Two Notes About The Mets
The focus of the Mets demise is going to be on the bullpen, but it was in fact their starting rotation that was a main source of their problems. The injuries to Pedro Martinez and John Maine; along with the inconsistency of the departing Oliver Perez forced them to overtax an already shaky bullpen and utilize journeymen such as Brandon Knight and Nelson Figueroa. There will undoubtedly be drastic changes in the construction of the pitching staff without Perez and Martinez and several relievers to be jettisoned.
With the Tigers looking to dump some salary, one name I would consider very seriously would be Dontrelle Willis. The Tigers need some bullpen help and Scott Schoeneweis’s contract is expiring after 2009; Aaron Heilman wants desperately to start and the Mets can’t possibly bring him back as a reliever and don’t appear to think of him as a starter; Willis was awful this year and is making a lot of money, so there might be a match of risky players.
Off the field. Willis is a joy to be around; he loves the game, has an infectious personality and would probably love to get back into the National League where he had his greatest successes and could hit regularly; he’d be worshipped in New York. The main questions about him would be whether his on-field problems are fixable and if he can regain his control. Before anything, I would have the Mets pitching people look at tapes of Willis from his 22-win year in 2005 and what’s happened to him since and see if he’s salvageable; then I would speak to people from the past and present of the Marlins who dealt with Willis—-pitching coaches Wayne Rosenthal and Mark Wiley; former manager Jack McKeon; Yankees manager Joe Girardi—-and see what they thought of Willis and why he’s struggled so badly. It’s a risk, but the reward would be massive if he can be straightened out.
- The Mets bullpen coach Guy Conti may have gotten himself fired with his honesty:
Teams that are aggravated after another lost season and off-season assured of being rife with ridicule don’t want to hear appraisals of their front office decisions from the bullpen coach. Guy Conti was just being honest with his statements about the Mets failures yesterday and for the season when he was quoted in the NY Times with the following:
Guy Conti, the bullpen coach, said Schoeneweis’s pitch needed to be
“up on the hands,” but it was “down and in.” Because of that, Helms was
able to reach down and drill it into the left-field seats.

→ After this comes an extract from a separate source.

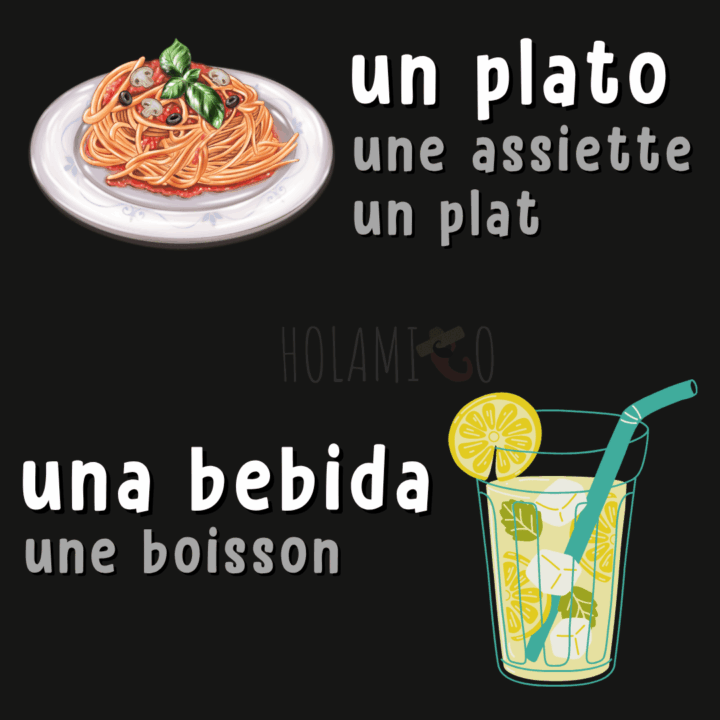 Schéma présentant les mots « plat» et « boisson » en espagnol avec des illustrations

“You can’t miss down and in,” Conti said. “He made a mistake.”
abounded in the bullpen and the front office, too. After closer Billy
Wagner was disabled with an elbow injury in early August, General
Manager Omar Minaya added only Ayala. Conti said Ayala performed decently, but called him a “seventh inning” pitcher and not a closer.

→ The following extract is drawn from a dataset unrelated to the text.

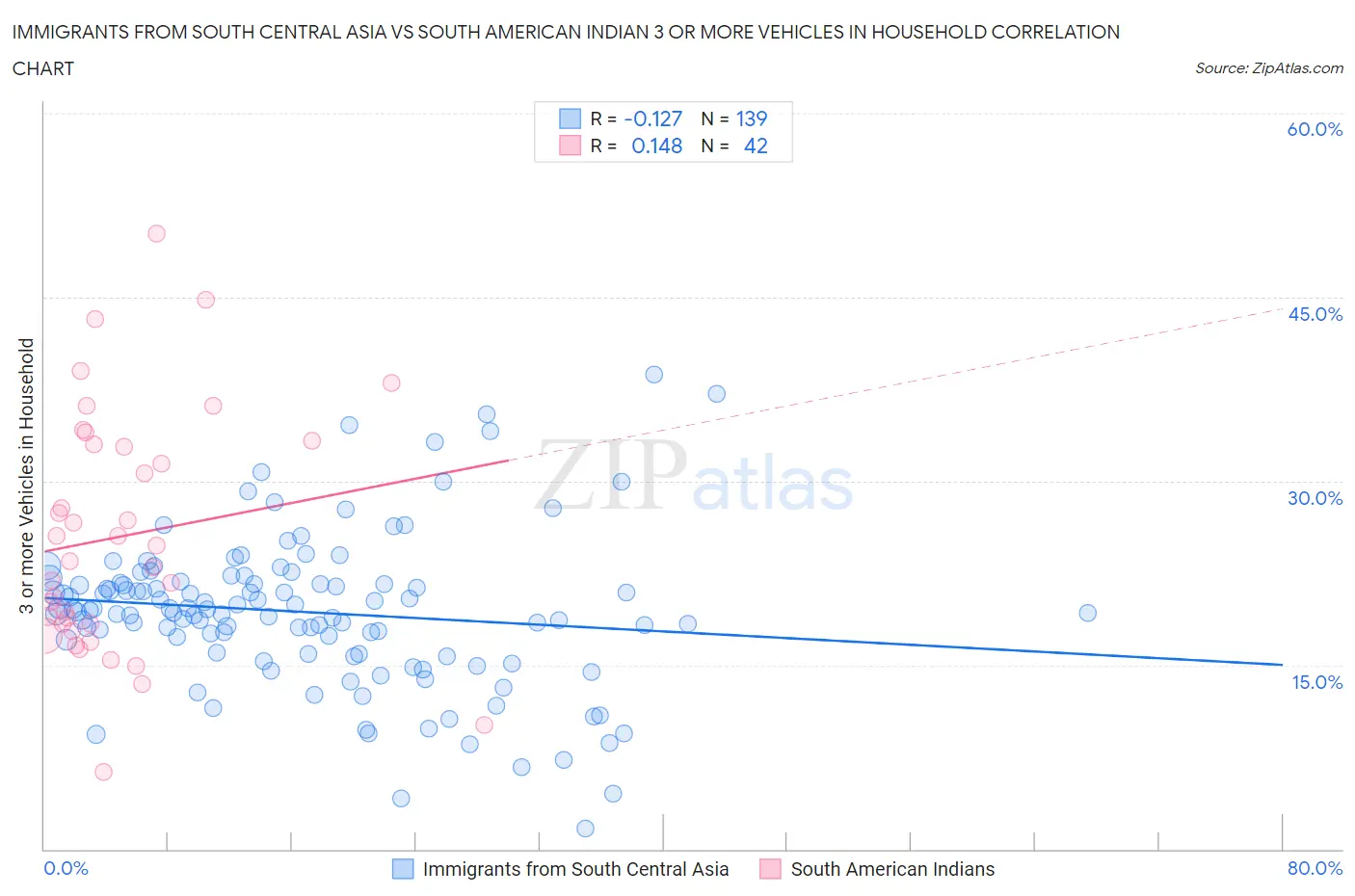 Immigrants from South Central Asia vs South American Indian 3 or more Vehicles in Household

Conti’s right of course; but with the front office probably looking to do something with a coach or two as change for change’s sake and that a bullpen coach can be replaced with something similar to a doorstop or one of those dogs trained to help the handicapped by picking up the phone, I wouldn’t be too comfortable in my job if I were Conti, especially since one of his biggest boosters, Pedro Martinez, won’t be back.